[Data for processing]
=== Section Start ===
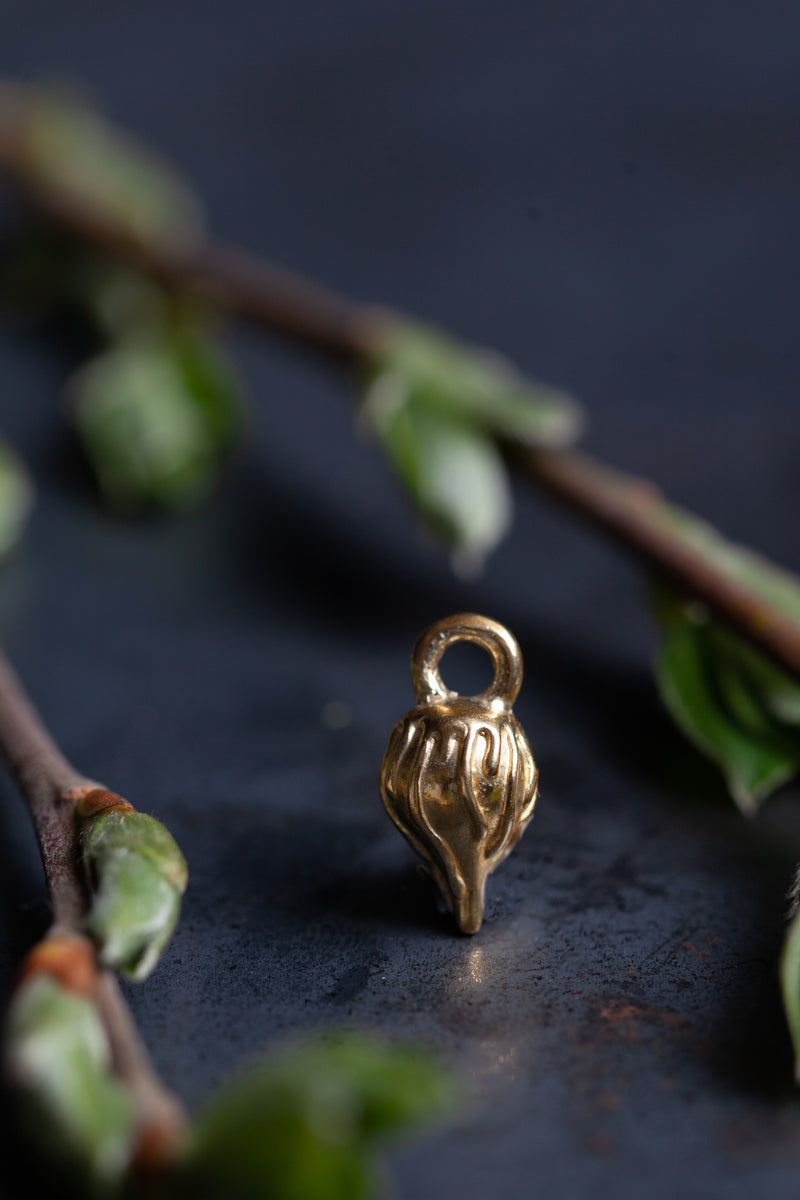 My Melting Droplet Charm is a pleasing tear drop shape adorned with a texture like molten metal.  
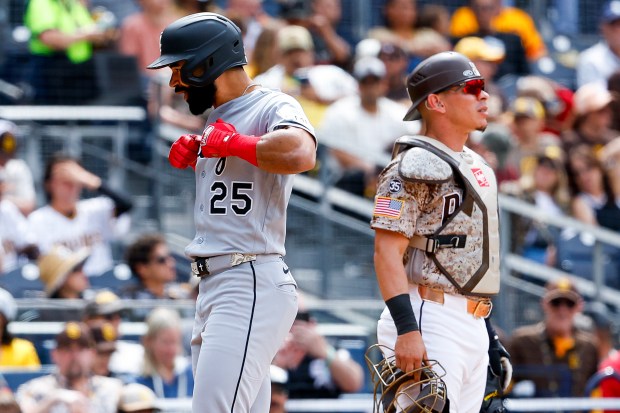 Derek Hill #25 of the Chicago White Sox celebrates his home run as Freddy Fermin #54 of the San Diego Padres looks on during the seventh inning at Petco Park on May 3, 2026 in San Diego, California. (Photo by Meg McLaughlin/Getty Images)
=== Section End ===
=== Section Start ===
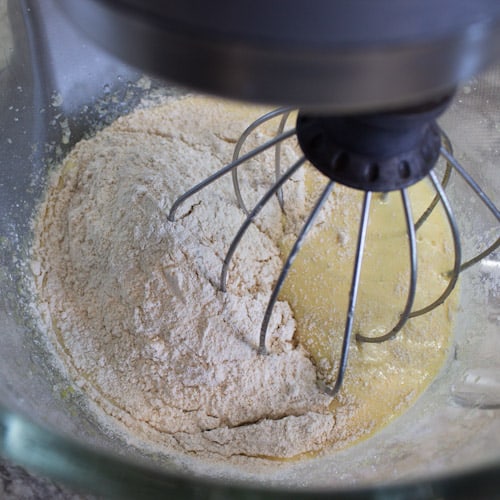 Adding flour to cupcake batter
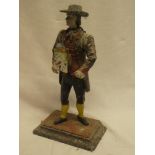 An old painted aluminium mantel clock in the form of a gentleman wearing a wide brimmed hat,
=== Section End ===
[Exercise details] Starting with the line that contains "My Melting Droplet" and finishing with the line that contains "Derek Hill #25", reproduce every line of the material above exactly, but not the pictures.

[Exercise response]
 My Melting Droplet Charm is a pleasing tear drop shape adorned with a texture like molten metal.  
 Derek Hill #25 of the Chicago White Sox celebrates his home run as Freddy Fermin #54 of the San Diego Padres looks on during the seventh inning at Petco Park on May 3, 2026 in San Diego, California. (Photo by Meg McLaughlin/Getty Images)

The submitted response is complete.